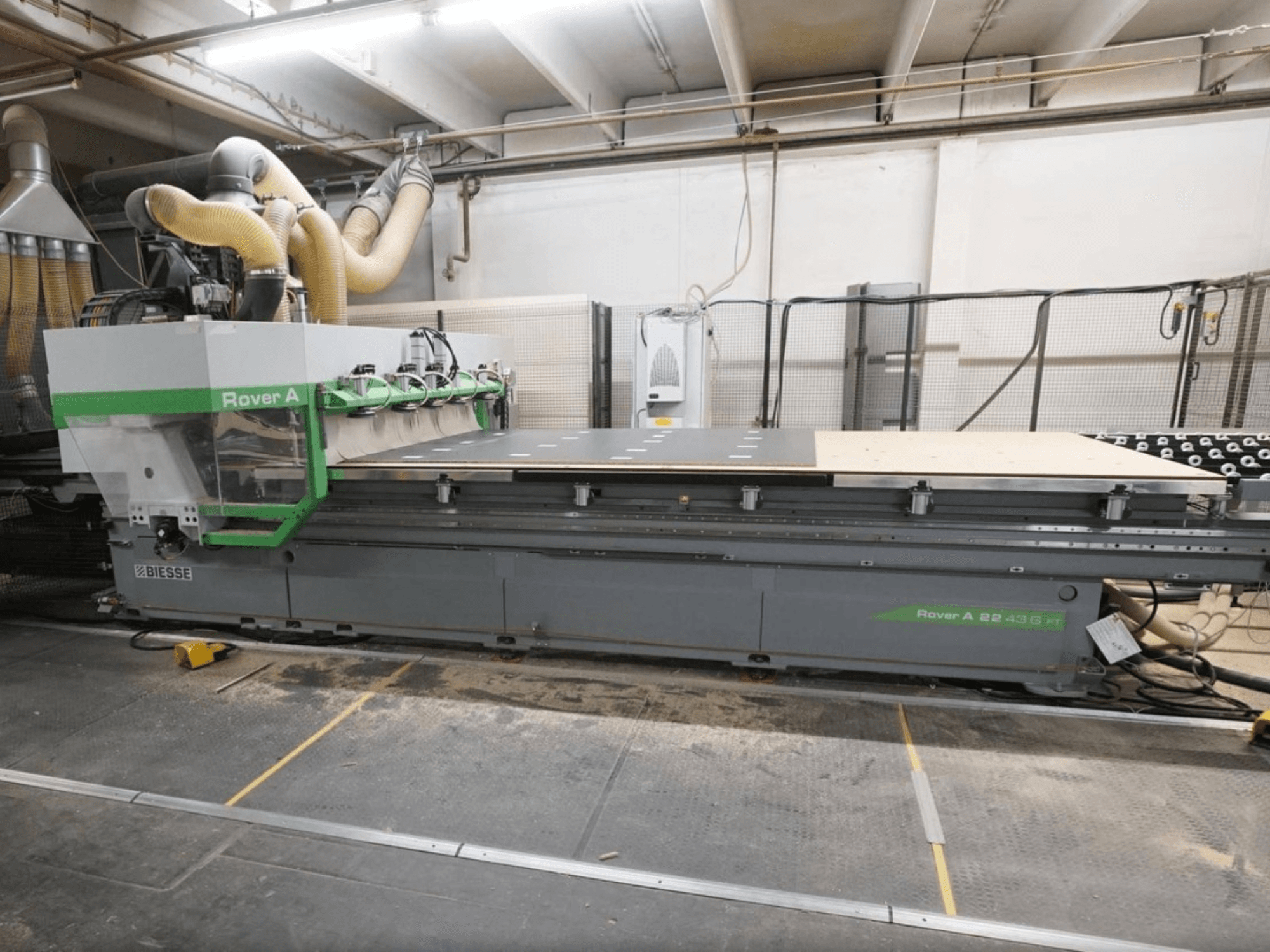 Центр обработки дерева с ЧПУ BIESSE Rover A FT 2243, вид спереди, оснащен большим рабочим столом и системой крепления инструментов.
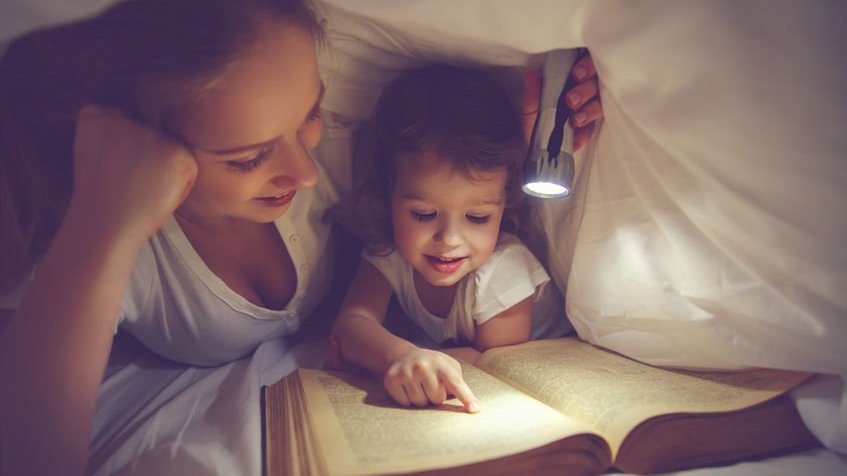 Mãe e filha embaixo de lençol lendo livro de histórias com lanterna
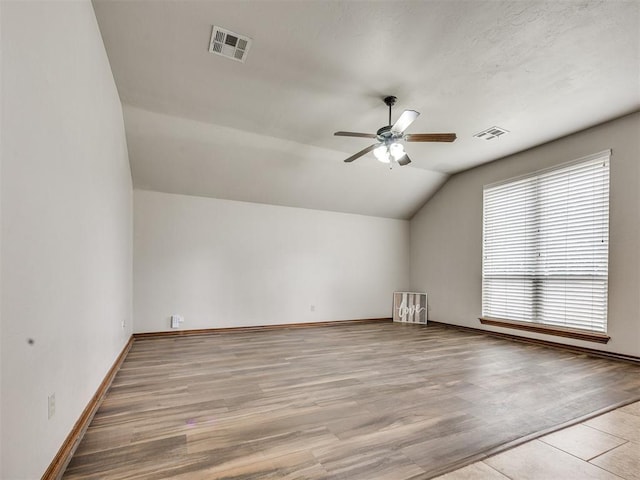 2801 SE 5th St, Moore, OK 73160 - additional living space with lofted ceiling, a ceiling fan, and light wood-type flooring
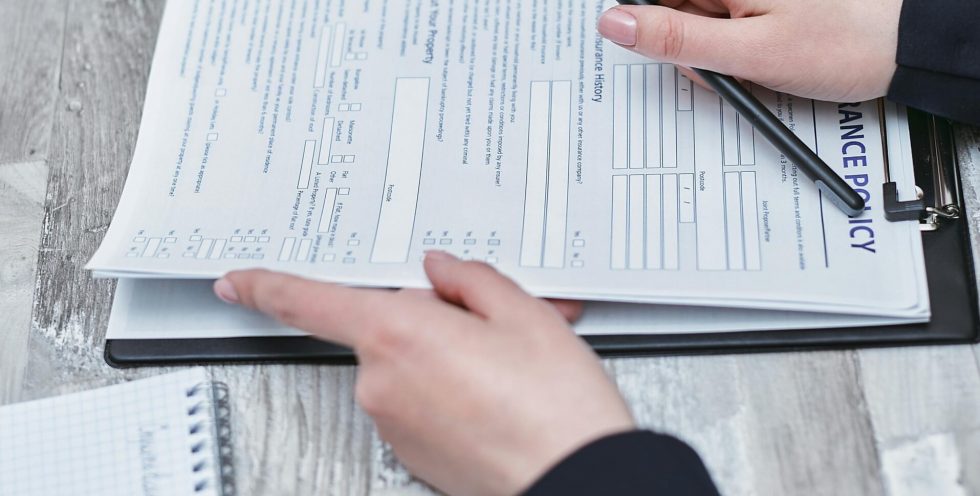 Free Close-up of hands analyzing insurance policy paperwork with pen on table. Stock Photo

*Task directions*:
The expected response is every line of the material, written out exactly, with the images removed.

*Output for this task*:
 Центр обработки дерева с ЧПУ BIESSE Rover A FT 2243, вид спереди, оснащен большим рабочим столом и системой крепления инструментов.
 Mãe e filha embaixo de lençol lendo livro de histórias com lanterna
 2801 SE 5th St, Moore, OK 73160 - additional living space with lofted ceiling, a ceiling fan, and light wood-type flooring
 Free Close-up of hands analyzing insurance policy paperwork with pen on table. Stock Photo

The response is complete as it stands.